Since the input $w$ represents the simplest function we could possibly wish to differentiate (i.e., $g(w) = w$), and since every other mathematical function is built by combining elementary functions / operations involving $w$, a logical first step in building an AD calculator is to simply implement a numerical version of $w$. Because we need to keep track of both the evaluation and its derivative value this implementation needs to be a tuple - a set of two values - both the evaluation of $w$ at a given input and its derivative. Now obviously since we always have that $\frac{\mathrm{d}}{\mathrm{d}w}w = 1$ the derivative value never changes, but we need to keep track of it nonetheless (since we will build in other derivative rules on top of $w$).
Below we define a simple class called MyTuple
that implements the input variable $w$ (note: for those wanting a good introduction to Python classes in the context of mathematical functions see e.g., this excellent book.). Instances of this class are a tuple containing val
- the value of $w$ which is pre-set to val = 0
but will be adjusted to any user-defined value - and der
- the derivative of $w$ which is initialized at der = 1
.
class MyTuple:
'''
The basic object representing the input variable 'w'
represents the core of our AD calculator. An instance
of this class is a tuple containining one function/derivative
evaluation of the variable 'w'. Because it is meant to
represent the simple variable 'w' the derivative 'der' is
preset to 1. The value 'val' can be set to 0 by default.
'''
def __init__(self,**kwargs):
# variables for the value (val) and derivative (der) of our input function
self.val = 0
self.der = 1
# re-assign these default values
if 'val' in kwargs:
self.val = kwargs['val']
if 'der' in kwargs:
self.der = kwargs['der']
With our base constructed we can quickly code up the derivative rules for elementary functions contained in Table 1 of the previous Section, which we repeat here for convenience.

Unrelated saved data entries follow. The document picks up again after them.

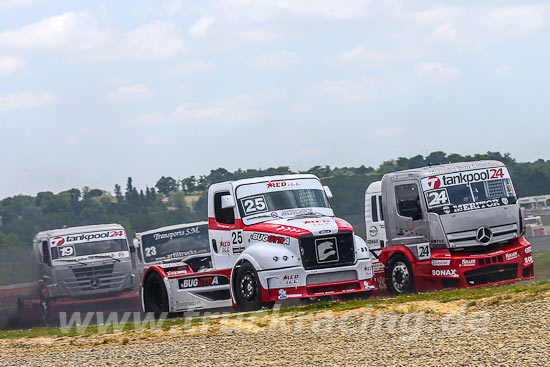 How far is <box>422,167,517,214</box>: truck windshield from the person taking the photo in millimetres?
18391

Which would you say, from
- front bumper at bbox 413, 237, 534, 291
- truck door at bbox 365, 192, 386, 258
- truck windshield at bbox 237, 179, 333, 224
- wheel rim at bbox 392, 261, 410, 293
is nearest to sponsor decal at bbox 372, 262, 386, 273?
wheel rim at bbox 392, 261, 410, 293

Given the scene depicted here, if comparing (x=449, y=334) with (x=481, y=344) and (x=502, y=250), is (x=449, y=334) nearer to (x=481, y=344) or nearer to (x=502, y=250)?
(x=481, y=344)

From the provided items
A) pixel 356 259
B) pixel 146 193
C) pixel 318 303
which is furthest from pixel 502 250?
pixel 146 193

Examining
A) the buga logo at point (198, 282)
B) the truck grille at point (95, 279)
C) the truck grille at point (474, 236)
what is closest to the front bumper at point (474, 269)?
the truck grille at point (474, 236)

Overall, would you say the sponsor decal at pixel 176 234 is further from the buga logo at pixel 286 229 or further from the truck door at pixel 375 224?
the buga logo at pixel 286 229

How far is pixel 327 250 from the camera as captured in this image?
53.5ft

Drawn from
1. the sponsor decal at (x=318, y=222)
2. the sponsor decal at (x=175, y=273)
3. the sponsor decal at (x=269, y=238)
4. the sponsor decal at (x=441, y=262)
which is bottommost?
the sponsor decal at (x=441, y=262)

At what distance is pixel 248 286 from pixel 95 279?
12.2 m

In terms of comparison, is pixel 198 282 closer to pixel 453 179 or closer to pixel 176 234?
pixel 453 179

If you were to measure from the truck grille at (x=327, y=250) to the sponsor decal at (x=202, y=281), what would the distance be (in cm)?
188

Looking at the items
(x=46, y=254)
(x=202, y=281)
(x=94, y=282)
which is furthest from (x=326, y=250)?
(x=46, y=254)

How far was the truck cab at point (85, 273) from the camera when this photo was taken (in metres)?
26.9

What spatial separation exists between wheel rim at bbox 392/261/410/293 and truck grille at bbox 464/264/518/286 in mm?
1395

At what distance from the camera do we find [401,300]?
48.8ft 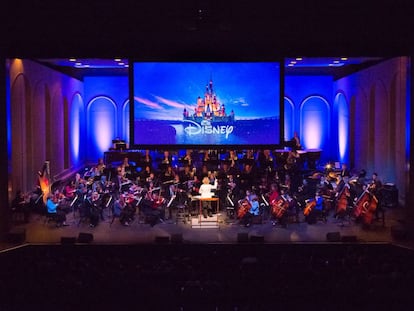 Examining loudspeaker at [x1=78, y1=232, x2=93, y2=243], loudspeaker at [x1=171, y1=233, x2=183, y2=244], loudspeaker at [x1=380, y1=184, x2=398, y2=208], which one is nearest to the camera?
loudspeaker at [x1=171, y1=233, x2=183, y2=244]

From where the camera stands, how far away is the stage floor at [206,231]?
1512 centimetres

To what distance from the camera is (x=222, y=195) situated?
56.5 ft

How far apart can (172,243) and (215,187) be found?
10.4ft

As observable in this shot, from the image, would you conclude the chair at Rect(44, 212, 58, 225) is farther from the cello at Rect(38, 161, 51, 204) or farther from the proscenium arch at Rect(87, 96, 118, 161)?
the proscenium arch at Rect(87, 96, 118, 161)

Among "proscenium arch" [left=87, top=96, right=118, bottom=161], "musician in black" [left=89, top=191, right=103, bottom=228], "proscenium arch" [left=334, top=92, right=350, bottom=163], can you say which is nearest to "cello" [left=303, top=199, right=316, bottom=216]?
"musician in black" [left=89, top=191, right=103, bottom=228]

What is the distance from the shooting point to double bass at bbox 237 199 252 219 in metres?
16.4

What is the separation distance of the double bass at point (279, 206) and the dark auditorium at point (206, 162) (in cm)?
4

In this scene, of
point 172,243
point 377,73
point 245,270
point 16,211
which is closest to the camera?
point 245,270

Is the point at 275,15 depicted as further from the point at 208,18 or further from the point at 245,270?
the point at 245,270

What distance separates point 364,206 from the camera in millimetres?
16078

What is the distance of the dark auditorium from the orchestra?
0.16 feet

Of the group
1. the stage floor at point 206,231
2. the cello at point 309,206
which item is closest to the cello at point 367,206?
the stage floor at point 206,231

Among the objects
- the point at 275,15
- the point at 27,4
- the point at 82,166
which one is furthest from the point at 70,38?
the point at 82,166

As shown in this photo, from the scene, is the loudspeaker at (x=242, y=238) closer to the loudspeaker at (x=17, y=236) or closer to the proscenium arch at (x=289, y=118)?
the loudspeaker at (x=17, y=236)
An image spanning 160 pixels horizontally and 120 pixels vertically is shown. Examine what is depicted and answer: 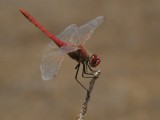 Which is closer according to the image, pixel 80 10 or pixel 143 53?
pixel 143 53

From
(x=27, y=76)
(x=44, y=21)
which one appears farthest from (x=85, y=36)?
(x=44, y=21)

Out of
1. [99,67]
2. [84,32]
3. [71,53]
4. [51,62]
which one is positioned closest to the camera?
[71,53]

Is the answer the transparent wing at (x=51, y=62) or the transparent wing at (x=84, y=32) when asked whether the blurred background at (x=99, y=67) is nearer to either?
the transparent wing at (x=84, y=32)

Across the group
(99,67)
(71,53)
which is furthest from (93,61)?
(99,67)

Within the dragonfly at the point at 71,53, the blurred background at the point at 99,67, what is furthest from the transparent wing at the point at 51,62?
the blurred background at the point at 99,67

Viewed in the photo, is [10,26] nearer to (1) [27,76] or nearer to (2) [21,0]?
(2) [21,0]

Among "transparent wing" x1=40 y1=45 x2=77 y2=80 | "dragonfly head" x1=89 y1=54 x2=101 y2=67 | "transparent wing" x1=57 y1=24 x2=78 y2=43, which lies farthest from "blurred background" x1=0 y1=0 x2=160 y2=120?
"dragonfly head" x1=89 y1=54 x2=101 y2=67

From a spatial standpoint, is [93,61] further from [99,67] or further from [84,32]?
[99,67]

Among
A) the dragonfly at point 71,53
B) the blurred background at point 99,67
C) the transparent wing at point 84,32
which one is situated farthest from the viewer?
the blurred background at point 99,67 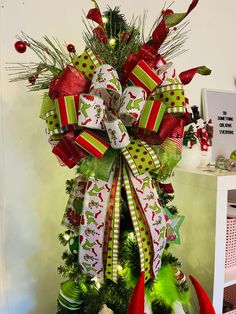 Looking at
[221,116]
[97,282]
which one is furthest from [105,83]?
[221,116]

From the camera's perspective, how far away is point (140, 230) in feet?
1.85

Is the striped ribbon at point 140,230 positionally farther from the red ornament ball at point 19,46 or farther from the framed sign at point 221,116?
the framed sign at point 221,116

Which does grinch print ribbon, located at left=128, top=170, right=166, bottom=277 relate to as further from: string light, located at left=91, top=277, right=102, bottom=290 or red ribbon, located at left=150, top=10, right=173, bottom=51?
red ribbon, located at left=150, top=10, right=173, bottom=51

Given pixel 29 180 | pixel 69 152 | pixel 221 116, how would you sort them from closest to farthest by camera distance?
pixel 69 152 → pixel 29 180 → pixel 221 116

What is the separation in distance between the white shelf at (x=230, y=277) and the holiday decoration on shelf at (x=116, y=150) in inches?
12.5

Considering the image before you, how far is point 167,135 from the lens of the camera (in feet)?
1.91

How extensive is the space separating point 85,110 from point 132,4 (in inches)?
26.4

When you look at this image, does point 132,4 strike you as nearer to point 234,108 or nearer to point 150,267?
point 234,108

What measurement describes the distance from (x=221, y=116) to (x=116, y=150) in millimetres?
796

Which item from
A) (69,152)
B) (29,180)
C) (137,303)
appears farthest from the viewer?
(29,180)

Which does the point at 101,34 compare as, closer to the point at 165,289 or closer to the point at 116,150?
the point at 116,150

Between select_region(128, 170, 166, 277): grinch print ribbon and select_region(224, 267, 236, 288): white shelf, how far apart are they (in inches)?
16.5

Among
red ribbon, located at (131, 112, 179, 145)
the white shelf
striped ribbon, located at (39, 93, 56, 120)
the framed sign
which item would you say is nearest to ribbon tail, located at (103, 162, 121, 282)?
red ribbon, located at (131, 112, 179, 145)

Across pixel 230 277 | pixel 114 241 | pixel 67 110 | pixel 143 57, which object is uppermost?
pixel 143 57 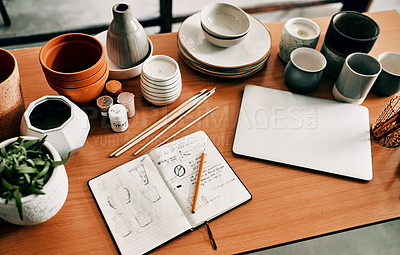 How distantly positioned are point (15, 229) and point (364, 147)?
0.90 metres

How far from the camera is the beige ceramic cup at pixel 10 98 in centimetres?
77

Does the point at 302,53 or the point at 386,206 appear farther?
the point at 302,53

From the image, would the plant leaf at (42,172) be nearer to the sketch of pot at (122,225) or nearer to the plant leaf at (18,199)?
the plant leaf at (18,199)

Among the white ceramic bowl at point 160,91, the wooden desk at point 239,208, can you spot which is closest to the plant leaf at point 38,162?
the wooden desk at point 239,208

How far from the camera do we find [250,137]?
0.94 m

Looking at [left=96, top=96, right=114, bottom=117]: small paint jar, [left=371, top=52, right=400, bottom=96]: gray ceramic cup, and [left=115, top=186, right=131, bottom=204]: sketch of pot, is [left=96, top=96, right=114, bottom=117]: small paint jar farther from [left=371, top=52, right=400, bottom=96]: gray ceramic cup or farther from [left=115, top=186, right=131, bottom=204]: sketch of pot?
[left=371, top=52, right=400, bottom=96]: gray ceramic cup

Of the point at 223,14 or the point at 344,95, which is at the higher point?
the point at 223,14

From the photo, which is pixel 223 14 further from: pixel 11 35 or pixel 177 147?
pixel 11 35

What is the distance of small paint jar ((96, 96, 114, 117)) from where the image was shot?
92 centimetres

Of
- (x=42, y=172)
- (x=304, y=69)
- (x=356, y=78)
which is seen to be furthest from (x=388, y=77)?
(x=42, y=172)

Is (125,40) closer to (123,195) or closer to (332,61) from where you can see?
(123,195)

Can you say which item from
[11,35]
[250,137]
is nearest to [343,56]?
[250,137]

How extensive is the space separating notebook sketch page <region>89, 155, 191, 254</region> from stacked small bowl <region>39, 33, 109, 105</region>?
8.7 inches

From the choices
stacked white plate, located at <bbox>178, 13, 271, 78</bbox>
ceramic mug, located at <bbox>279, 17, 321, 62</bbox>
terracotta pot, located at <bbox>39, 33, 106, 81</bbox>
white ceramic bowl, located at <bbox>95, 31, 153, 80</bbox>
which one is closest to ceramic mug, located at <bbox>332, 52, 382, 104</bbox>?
ceramic mug, located at <bbox>279, 17, 321, 62</bbox>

elementary function | equation | derivative |
---|---|---|
constant | $c$ | $0$ |
monomial (degree $p\neq 0$) | $w^p$ | $pw^{p-1}$ |
sine | $\text{sin}(w)$ | $\text{cos}(w)$ |
cosine | $\text{cos}(w)$ | $-\text{sin}(w)$ |
exponential | $e^w$ | $e^w$ |
logarithm | $\text{log}(w)$ | $\frac{1}{w}$ |
hyperbloic tangent | $\text{tanh}(w)$ | $1 - \text{tanh}^2(w)$ |
rectified linear unit (ReLU) | $\text{max}\left(0,w\right)$ | $\begin{cases}0 & w\leq0\\1 & w>0\end{cases}$ |
Since our variable $w$ (our MyTuple
object) keeps track of both the function and derivative values, all we need to do in order to create one of these rules as a Python
function is define how the elementary rule transforms the function and derivative evaluation.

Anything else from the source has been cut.